Kohli’s innings was quite special in many ways. But one of the most significant and rare occurrence, was that he scored 100 out of 160 runs by running and only 60 from boundaries. In all, he ran 75 singles (75 runs), 11 doubles (22 runs) and one three (3 runs). Before Kohli, only four other batsmen have run 100 or more runs in an ODI innings and none of them are Indians. The most runs by running in an innings is 112 by Gary Kirsten in his unbeaten 188 at the 1996 World Cup against UAE. Last year, on this same day at the same venue, Faf du Plessis had run 103 runs in his unbeaten 185 against Sri Lanka which is second on the list. Adam Gilchrist’s 172 and Martin Guptill’s 189 are the others that make the list. The previous highest among India batsmen was 98 runs in Sourav Ganguly’s 130-run innings against Sri Lanka in 1999.

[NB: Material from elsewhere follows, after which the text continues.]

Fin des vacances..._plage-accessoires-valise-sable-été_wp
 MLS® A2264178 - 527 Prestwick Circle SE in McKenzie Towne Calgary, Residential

Captain Kohli beats Ganguly
The century was Kohli’s 12th as captain, going past Sourav Ganguly’s tally of 11 as India captain. Kohli has achieved the feat in 100 innings fewer than Ganguly. He has done it only in 43 innings. Now only two players have scored more centuries as captain than Kohli: Ricky Ponting with 22 centuries (in 220 innings) and AB de Villiers with 13 (in 98).
Bumper series on the cards
With just half the series done, Kohli has already scored the most runs by any India batsman in a series against South Africa. He has 318 runs from the first three matches. He is also the only India batsman to score more than one century in a series against South Africa. Before this, he did not have any hundreds in South Africa. He is also only the fifth batsman overall to score more than one century in a bilateral series against South Africa. The only one to hit three is Kevin Pietersen in 2004-05.
Kohli’s 160 not out is the second-highest by an India batsman against South Africa, only behind Sachin Tendulkar’s double-century in 2010 and third-highest for any player against South Africa in South Africa.